Conservation and invariance properties of submarkovian semigroups

Let ${\cal E}$ be a Dirichlet form on $L_2(X)$ and $\Omega$ an open subset of $X$. Then one can define Dirichlet forms ${\cal E}_D$, or ${\cal E}_N$, corresponding to ${\cal E}$ but with Dirichlet, or Neumann, boundary conditions imposed on the boundary $\partial\Omega$ of $\Omega$. If $S$, $S^D$ and $S^N$ are the associated submarkovian semigroups we prove, under general assumptions of regularity and locality, that $S_t\phi = S^D_t\phi$ for all $\phi\in L_2(\Omega)$ and $t>0$ if and only if the capacity ${\mathop{\rm cap}}_\Omega(\partial\Omega)$ of $\partial \Omega$ relative to $\Omega$ is zero.
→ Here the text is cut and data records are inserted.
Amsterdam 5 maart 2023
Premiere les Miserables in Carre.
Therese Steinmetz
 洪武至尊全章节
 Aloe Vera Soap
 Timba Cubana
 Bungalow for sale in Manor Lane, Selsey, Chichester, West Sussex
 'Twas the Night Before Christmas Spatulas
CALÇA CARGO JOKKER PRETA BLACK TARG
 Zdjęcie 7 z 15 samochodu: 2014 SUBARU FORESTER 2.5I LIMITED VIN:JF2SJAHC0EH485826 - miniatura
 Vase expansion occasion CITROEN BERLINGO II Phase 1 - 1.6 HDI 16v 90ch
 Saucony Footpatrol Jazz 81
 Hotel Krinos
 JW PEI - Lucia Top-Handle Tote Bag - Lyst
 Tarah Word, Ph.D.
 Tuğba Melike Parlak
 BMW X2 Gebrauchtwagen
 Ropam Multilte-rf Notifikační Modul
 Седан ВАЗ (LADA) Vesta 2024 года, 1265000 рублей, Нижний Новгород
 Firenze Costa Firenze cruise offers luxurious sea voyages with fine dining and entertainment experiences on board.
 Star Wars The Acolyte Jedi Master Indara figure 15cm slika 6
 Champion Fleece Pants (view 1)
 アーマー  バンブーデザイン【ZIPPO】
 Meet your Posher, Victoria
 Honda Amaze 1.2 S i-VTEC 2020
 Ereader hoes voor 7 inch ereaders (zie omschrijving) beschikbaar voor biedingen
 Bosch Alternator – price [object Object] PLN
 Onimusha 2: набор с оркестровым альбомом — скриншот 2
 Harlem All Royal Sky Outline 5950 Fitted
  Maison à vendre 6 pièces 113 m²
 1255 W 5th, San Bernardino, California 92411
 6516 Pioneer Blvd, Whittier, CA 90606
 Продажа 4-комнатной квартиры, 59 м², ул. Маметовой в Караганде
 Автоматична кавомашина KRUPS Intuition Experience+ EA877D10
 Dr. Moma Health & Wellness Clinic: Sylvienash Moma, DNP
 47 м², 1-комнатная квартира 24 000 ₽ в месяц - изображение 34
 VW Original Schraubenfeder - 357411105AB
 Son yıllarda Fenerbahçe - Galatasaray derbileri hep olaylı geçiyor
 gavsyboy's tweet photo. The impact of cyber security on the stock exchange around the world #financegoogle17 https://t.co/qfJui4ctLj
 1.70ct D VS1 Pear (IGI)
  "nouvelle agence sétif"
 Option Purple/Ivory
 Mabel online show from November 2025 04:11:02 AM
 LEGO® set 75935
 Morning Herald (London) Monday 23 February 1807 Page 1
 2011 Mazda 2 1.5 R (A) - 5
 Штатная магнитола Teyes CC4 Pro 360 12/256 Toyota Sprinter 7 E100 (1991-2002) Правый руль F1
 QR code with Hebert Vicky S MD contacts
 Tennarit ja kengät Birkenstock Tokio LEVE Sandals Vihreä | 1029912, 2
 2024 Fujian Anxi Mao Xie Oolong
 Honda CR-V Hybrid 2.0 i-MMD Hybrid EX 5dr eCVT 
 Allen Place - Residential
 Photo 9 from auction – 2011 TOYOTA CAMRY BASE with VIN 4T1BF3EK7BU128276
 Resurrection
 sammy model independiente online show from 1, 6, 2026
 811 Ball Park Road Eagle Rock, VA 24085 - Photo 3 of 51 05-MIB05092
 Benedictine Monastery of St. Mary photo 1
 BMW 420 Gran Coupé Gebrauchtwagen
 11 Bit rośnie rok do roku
Moreover, if $S$ is conservative, i.e. stochastically complete, then ${\mathop{\rm cap}}_\Omega(\partial\Omega)=0$ if and only if $S^D$ is conservative on $L_2(\Omega)$. Under slightly more stringent assumptions we also prove that the vanishing of the relative capacity is equivalent to $S^D_t \phi = S^N_t \phi$ for all $\phi\in L_2(\Omega)$ and $t>0$.